Jen Tosca's son was blind in one eye and she was told that if he didn't have surgery, the eye would need to be removed. They went ahead with the surgery, but the eye had to be removed anyway. The area around his eye has been swollen since 2005. Tosca says if she could do it again, she would have done more research.

"If I had a better understanding of the health care system, in how things fell together, and had been better equipped with knowledge to make better decisions, it definitely would've protected us."

Tosca says she wishes she had contacted the hospital's patient advocate, but at the time didn't know they had one. Her advice is to seek out and utilize all available patient resources inside and outside the hospital.
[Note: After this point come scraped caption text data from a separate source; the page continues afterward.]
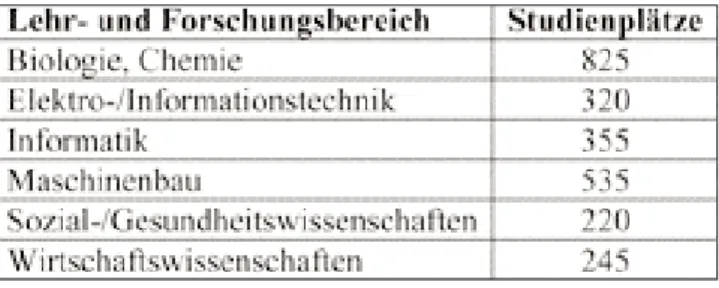 Tabelle  1:  Aufteilung der geplanten Studienplätze der Hochschule Rhein-Waal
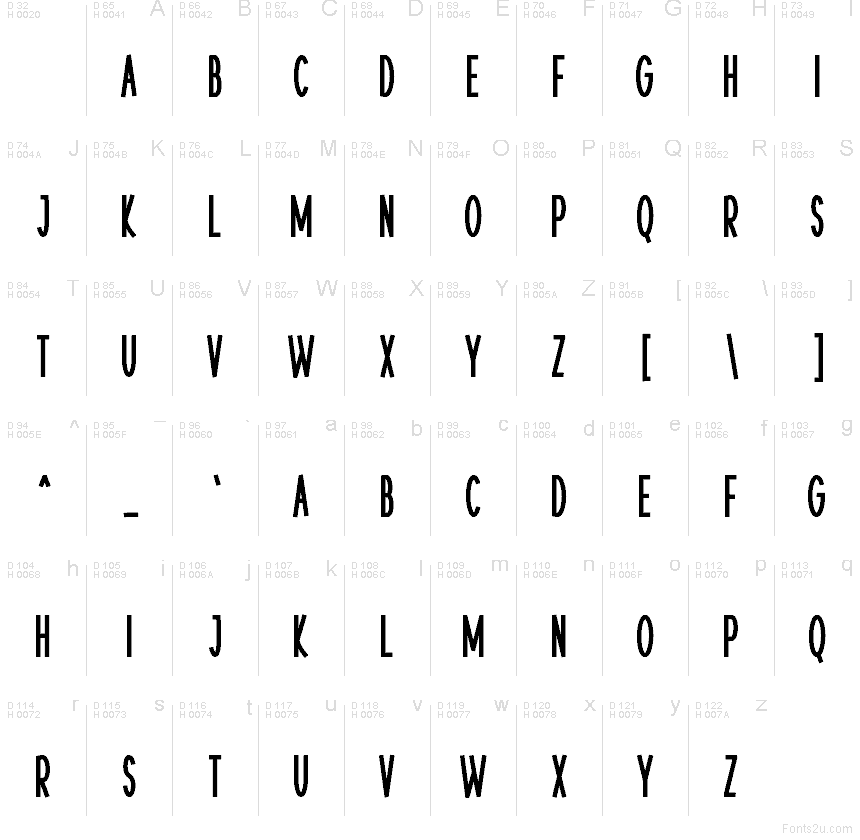 Latin de base - Table de caractères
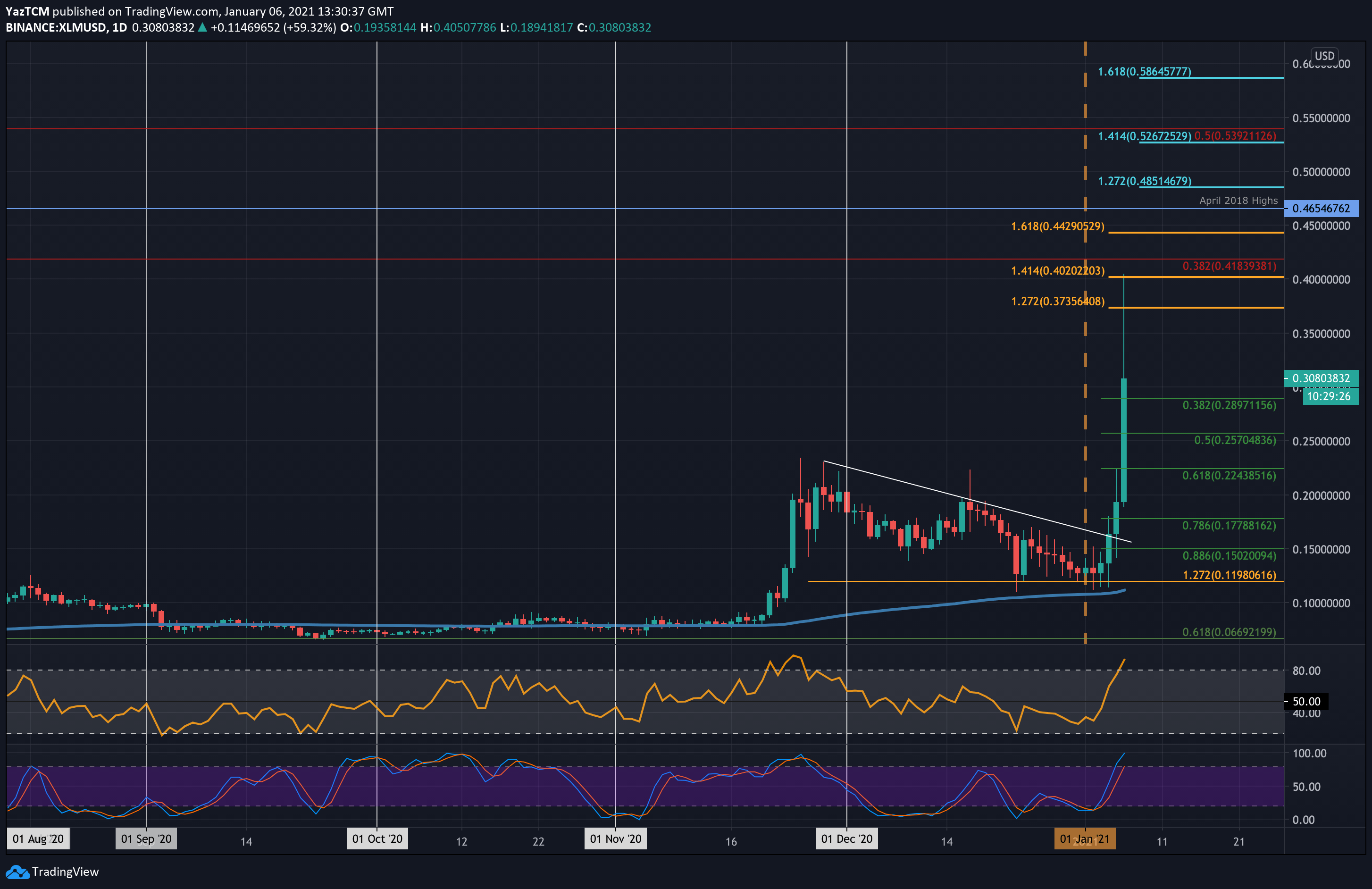 XLM to USD - Convert United States Dollar to Stellar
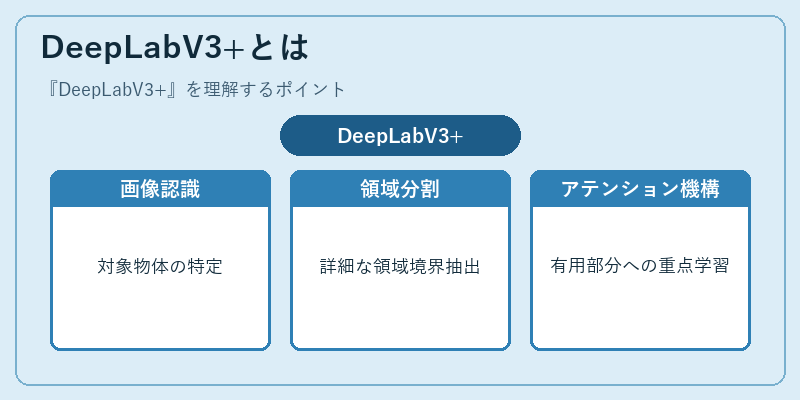DeepLabV3+とは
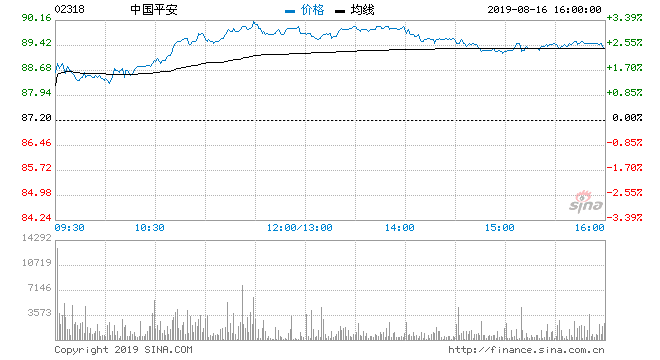 平安股价最高点(平安股价)  第1张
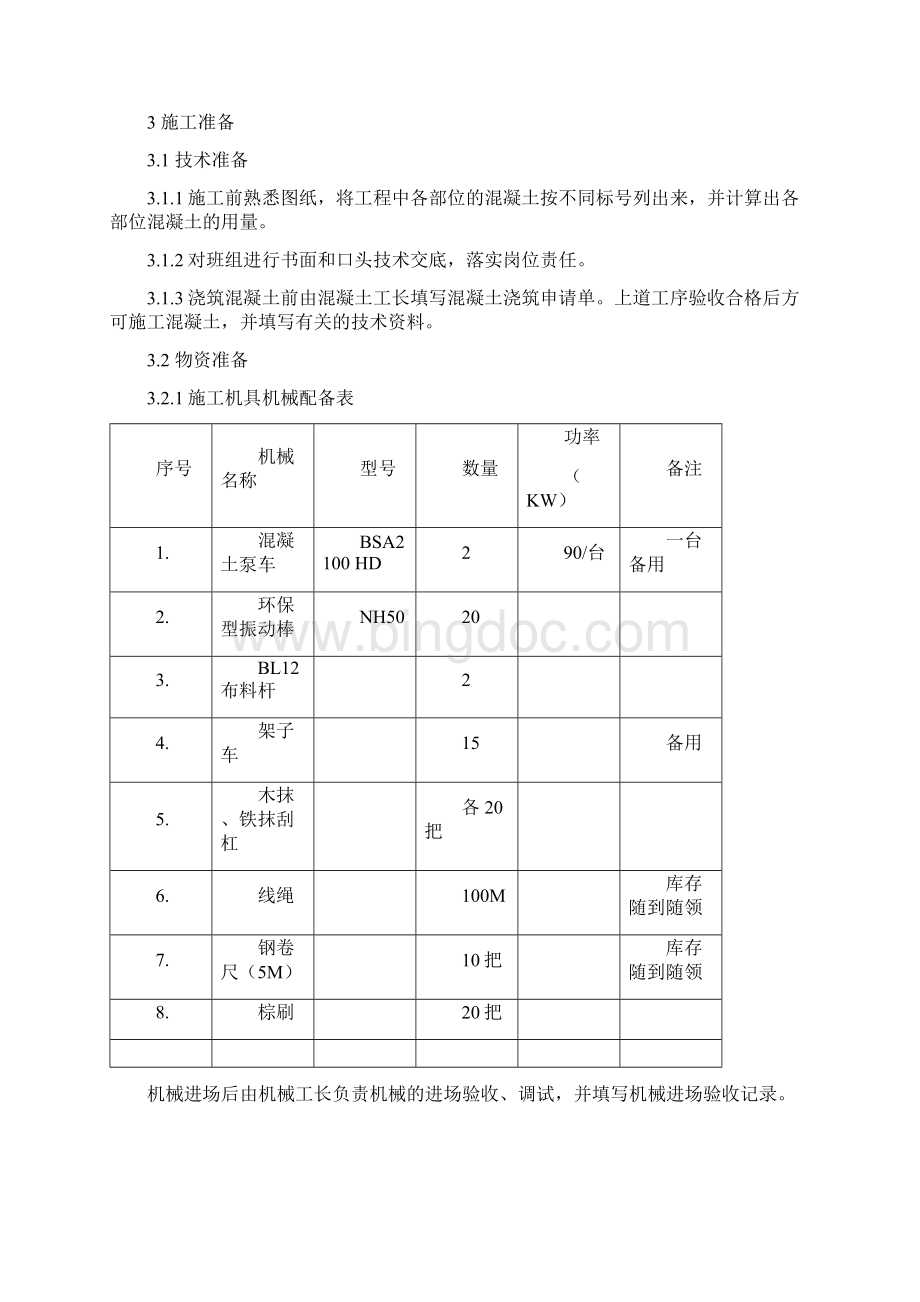 西安建筑科技大学高层住宅楼混凝土工程施工方案.docx_第3页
Nicola Truppin with the Consumer Health Quality Council says the idea is not to scare people from going into hospitals, but rather to remind them that the people working in the medical system are human and can make mistakes.

"That isn't to say that this is a bad physician or a bad nurse, but that there are so many things going on in a hospital these days that the patient has a right to know."

Marilyn Kramer with the Partnership for Health Care Excellence says protecting yourself can be as easy as asking doctors if they washed their hands, and making sure you're being given the correct pills.

"If you're in the hospital, and a nurse comes to give you medication, ask what is it and why you're taking it. Double-check with the providers."

She says another valuable tool is to get information on doctors' histories and hospitals, which can both easily be found online.